Hal itu saya lakukan selama sebulan penuh. Jadi, malam bulan Ramadhan  saya habiskan di musholla. Sebulan penuh tanpa pernah tidur di rumah sama sekali. Rasanya ingin setiap bulan adalah bulan Ramadhan.

Malam Lebaran kami tidak lagi tadarus, tapi melantunkan takbir. Takbir yang terus menerus dilantunkan sampai menjelang subuh tiba di kota kami. Di sela-sela lantunan takbir, kami juga membantu bapak-bapak Amil Zakat untuk menyalurkan zakat yang telah dikumpulkan dan membaginya pada orang-orang sekitar yang sekiranya membutuhkan.
Semua itu merupakan pengalaman yang benar-benar mengesankan di Musholla belakang rumah saya. Kebersamaan, saling membantu, rasa memiliki,  semuanya terjadi begitu saja di musholla kami yang sederhana.

Namun, semua itu berubah drastis ketika saya masuk kuliah. Saya kuliah di Universitas yang berlatar belakang agama. Saya bertemu banyak sekali macam orang dengan berbagai macam pemikirannya. Beberapa masih berpikiran konservatif, bawaan dari pendidikan mereka di jenjang sebelumnya. Beberapa lagi ada yang sangat moderat, sekuler.

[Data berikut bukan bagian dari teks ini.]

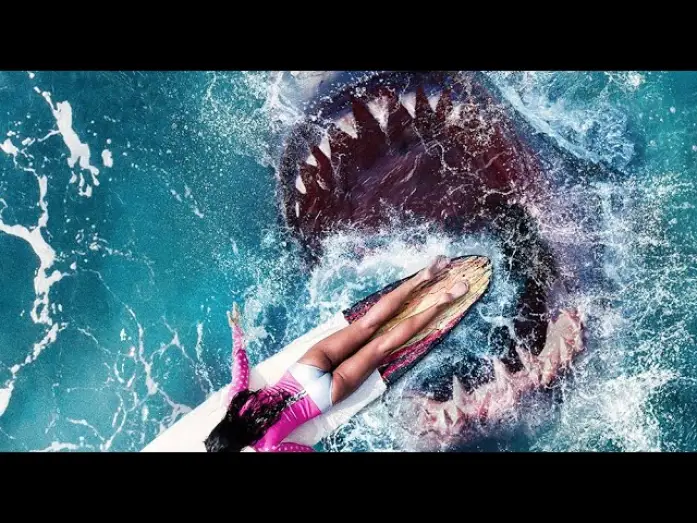 Відео до фільму Людожер — MANEATER (2022) Official Trailer (HD) KILLER SHARK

Tapi yang paling berpengaruh pada diri saya adalah mayoritas orang dan beberapa dosen yang terus menerus  menyampaikan pemahaman agama yang mereka yakini, mereka mengatakan bahwa selama ini yang saya lakukan adalah SALAH!! Nyanyian-nyanyian yang saya praktekkan selama ini adalah satu bentuk bid'ah, penyembahan terhadap Dzat lain selain ALLAH. Mereka berdalih bahwa Rasullullah tidak pernah mengajarkan musik, nyanyian, dan pujian yang ditujukan pada beliau. Padahal DEMI ALLAH apa yang saya lakukan adalah murni sebagai bentuk penghormatan saya pada Rasullulah. Mereka berpendapat bahwa gerakan yang mereka lakukan adalah satu gerakan pemurnian Islam, mereka mengatakan bahwa Islam sudah tercampur dengan budaya lokal yang sarat akan ritual-ritual agama lain. Mereka bilang adalah tugas mereka untuk kembali pada gerakan puritan seperti yang sudah terjadi di belahan dunia lain.

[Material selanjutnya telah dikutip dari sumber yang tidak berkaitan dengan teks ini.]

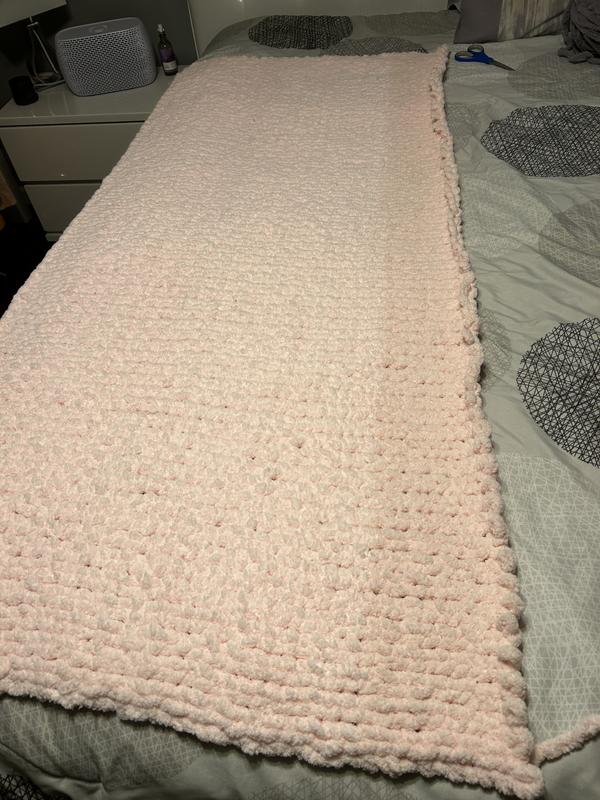 Bernat Blanket Extra Yarn - Burnt Rose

Mendengar kata-kata mereka, saya seperti ditampar dengan sangat keras!! Rasanya, nilai-nilai yang telah ditanamkan oleh orang tua, guru mengaji, ustadz di mushollah saya  mereka cabut dengan sangat kasar. Saya benar-benar bimbang, apakah benar yang saya lakukan selama ini tidak ada manfaatnya sama sekali?. Apakah yang saya lakukan selama ini hanya menimbulkan dosa?
Sepertinya Allah saya telah dirampas oleh mereka.

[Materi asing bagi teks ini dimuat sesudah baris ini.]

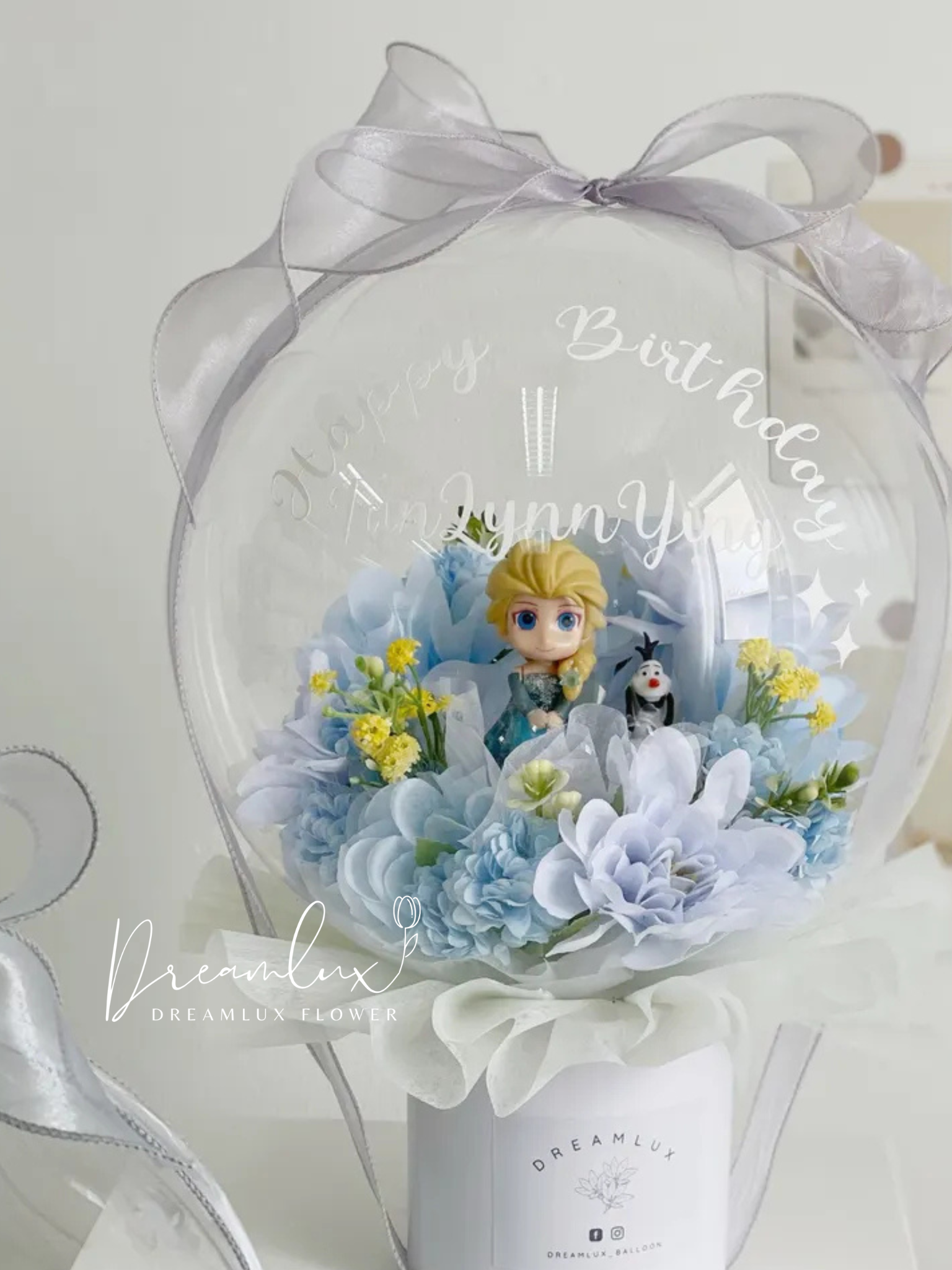 Copy of  Dreamlux flower (Logo)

Sekarang, saya malas pergi ke Musholla untuk Dziba'an. Teman-teman saya juga serupa. Pintu musholla sudah ditutup rapat dan semua lampunya dimatikan setelah sholat isya. Tidak ada lagi tawa anak-anak kecil. Tidak ada lagi rebutan makanan setelah lelah Dziba'an oleh mereka. Tidak ada lagi bunyi rebana yang dipukul. Yang ada hanya orang-orang tua, bertafakur dalam keheningan doa mereka sendiri. Entah sampai kapan musholla saya seperti ini.